Jerzy Sladkowski (Sweden, Special Presentations)
Wednesday, May 4, 6:30 p.m.
TIFF Bell Lightbox (350 King Street West)
Thursday, May 5, 11:00 a.m.
The ROM Theatre (100 Queen’s Park)
Sunday, May 8, 6:15 p.m
Innis Town Hall Theatre (2 Sussex Avenue)
Twenty-two-year-old Valya is a single mother working at a small Russian town’s local vodka factory. She lives with her mother, Tatiana, with whom she is in an ongoing feud about caring for her five-year-old son, who is passed off between them like a package. Despite ruthless mocking by the catty crew of women she works with, Valya dreams of becoming an actress in Moscow. Meanwhile, Tatiana has reconnected with an old flame who is looking to rekindle their romance after several decades apart. With Valya’s son to care for, one of the women must sacrifice the dream of changing her life.
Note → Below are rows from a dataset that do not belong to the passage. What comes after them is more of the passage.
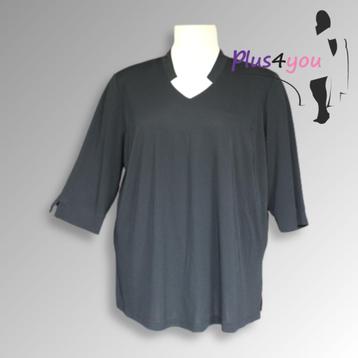 30590 Zgan Zwarte tuniek Sempre Piu mt 52  K14 beschikbaar voor biedingen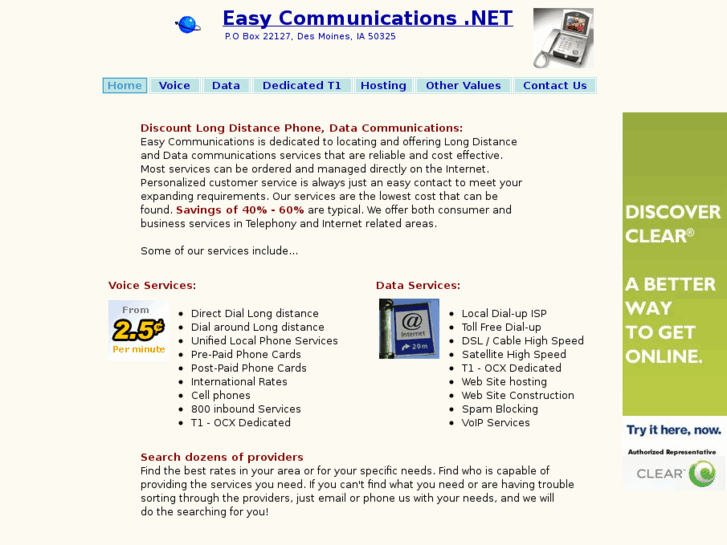 www.easycommunications.net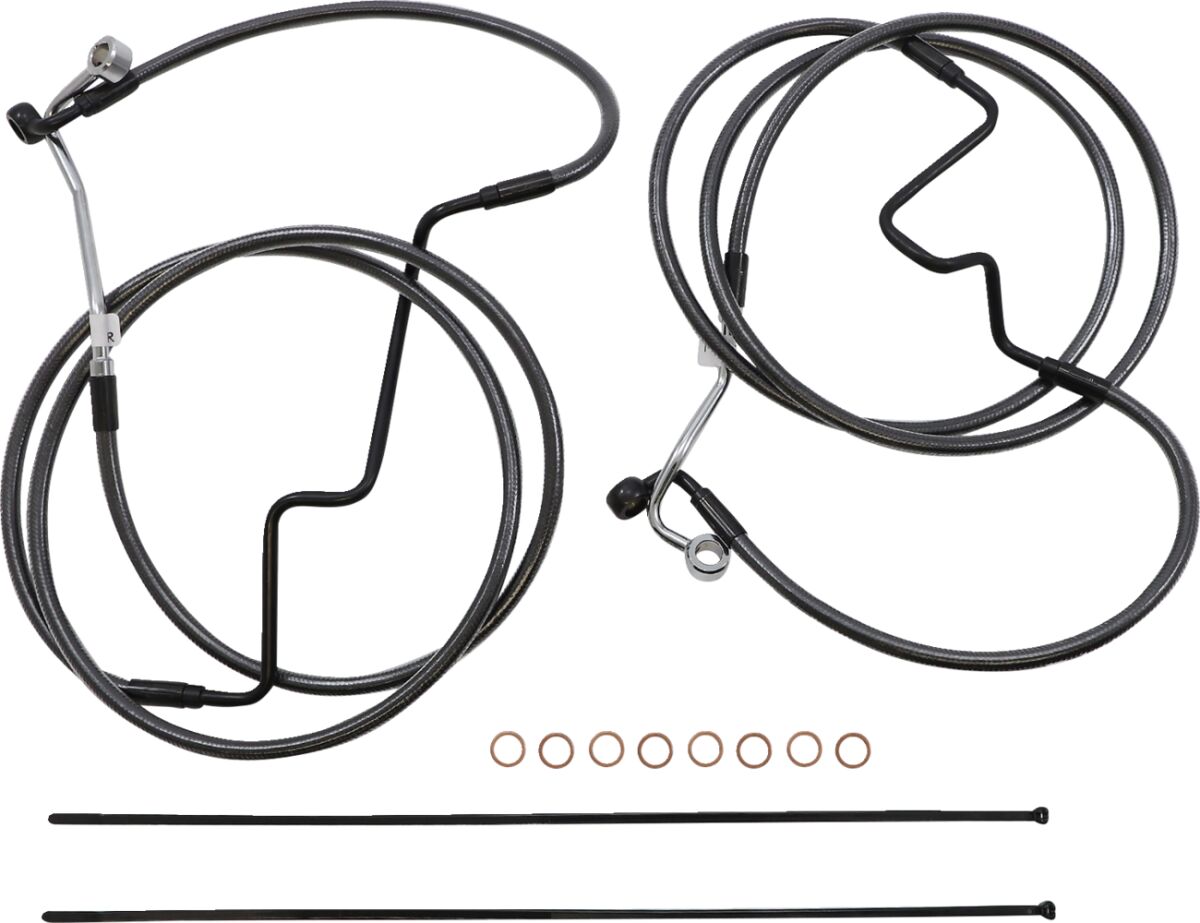 Magnum Shielding Control Cable Kit Bp Brake & Clutch Lines Magnum Shielding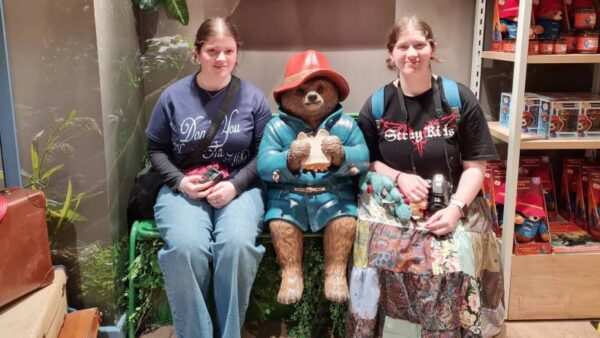 Paddington shop at Paddington Station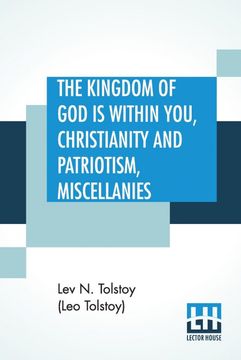 portada The Kingdom of god is Within you Christianity and Patriotism Miscellanies (en Inglés)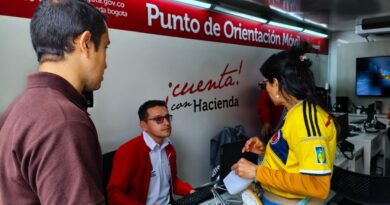 Invitan a los vecinos de Suba a unirse para mejorar sus cuadras pagando el impuesto Predial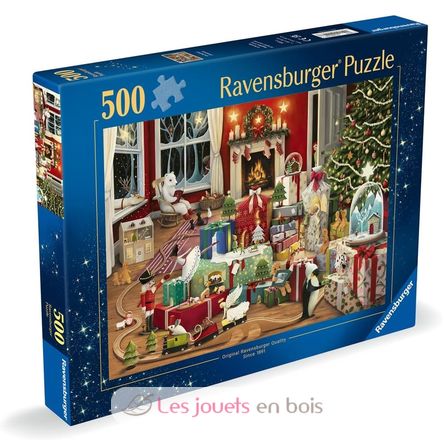 Puzzle Enchanted Christmas 500 pcs RAV12000227 Ravensburger 1
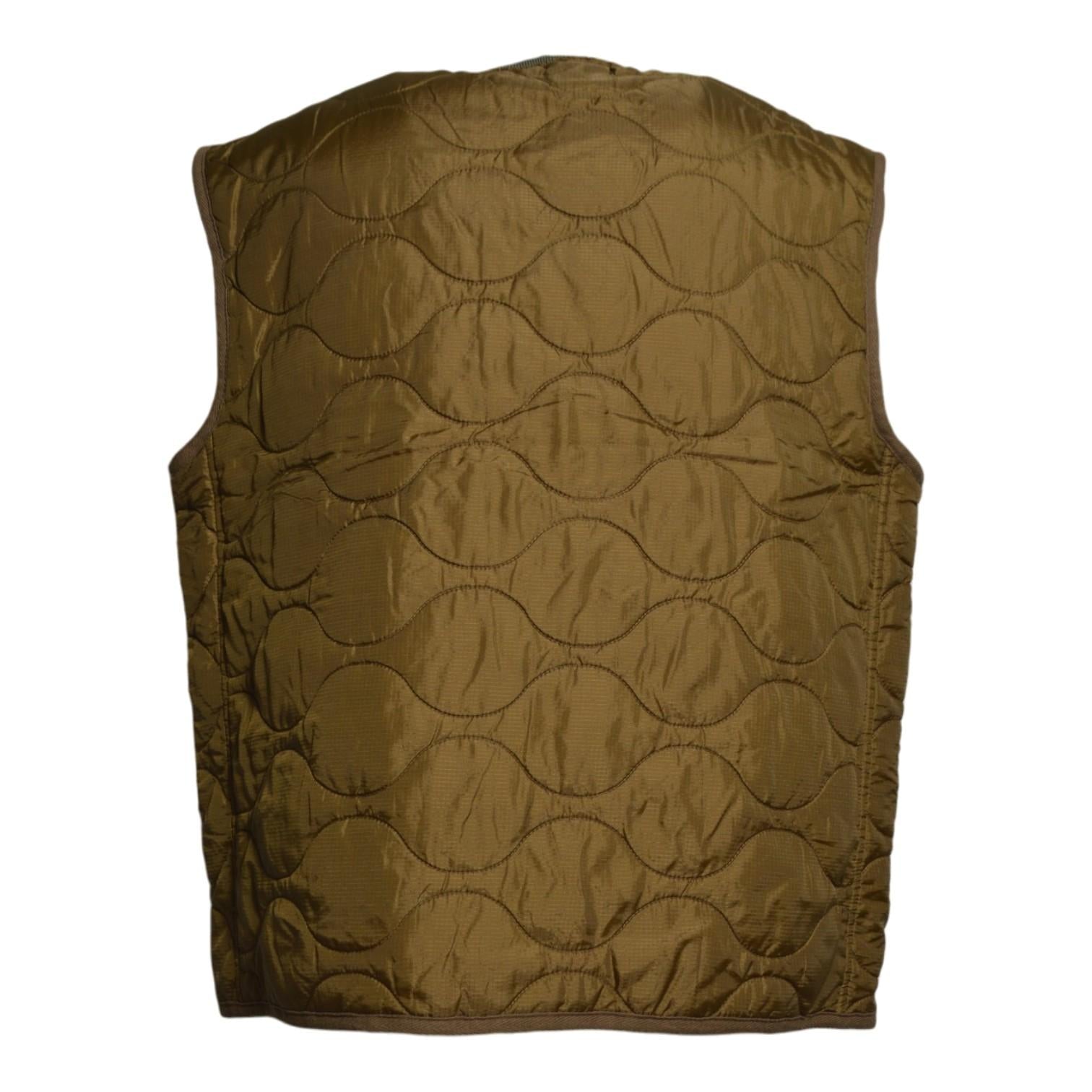 liner vest military green 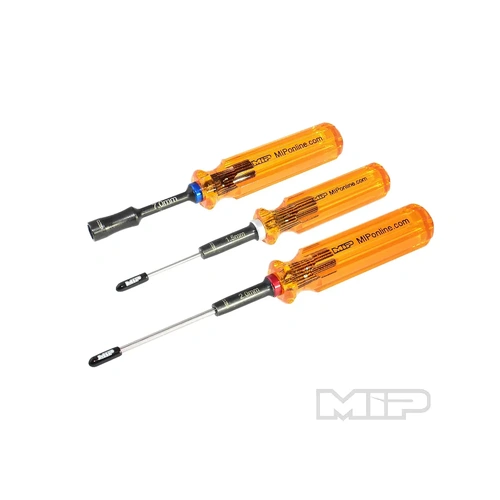 MIP 1.5 & 2.0mm G2 Hex Driver w/ 7.0mm G2 Nut Driver Tool Set 3Pcs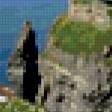 Предпросмотр схемы вышивки «Clifs of Moher» (№216459)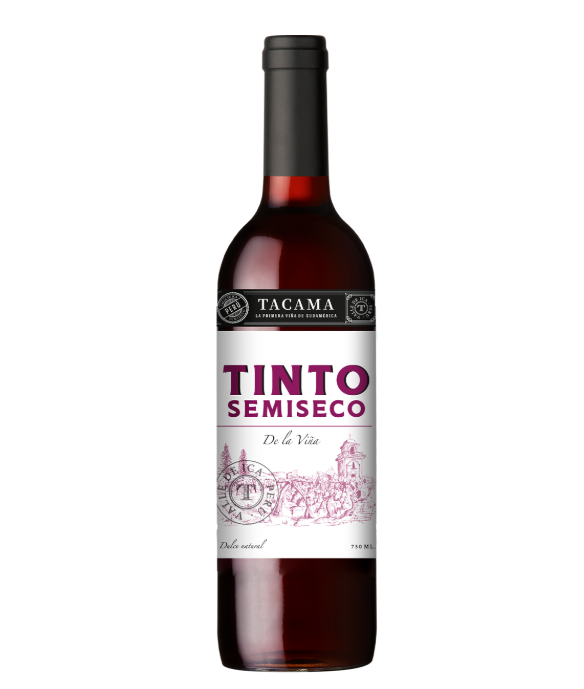 Vino TACAMA Tinto Botella 750ml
Vodka Factory is incredibly bleak. It seems to be taken as a given that all women are trapped, with sex appeal as their only recourse, and all men are abusive alcoholics. These men are merely spectres in the film, where the repeated beatings-into-submission that take place are verbal, woman-on-woman affairs.
The camera’s seamless entry into its subjects’ lives should be the locus of the film’s intimacy, but instead it serves to keep the audience at bay. It just never feels like a documentary. The way that the subjects don’t seem to register the camera’s presence offers the same real-life-staged quality as, say, The Hills (with less cash and California sun, more poverty and muted Russian half-light). Vodka Factory has the makings of a good pathos-filled, melancholic yarn (so, let’s say The Hills crossed with a Dostoyevsky novel), but too often the viewer is taken out of the moment with questions like “But how did they get that shot?” and “Is this really happening?” The film also has poor subtitling: the dialogue reads too formal and stilted, and it’s often hard to tell who is speaking.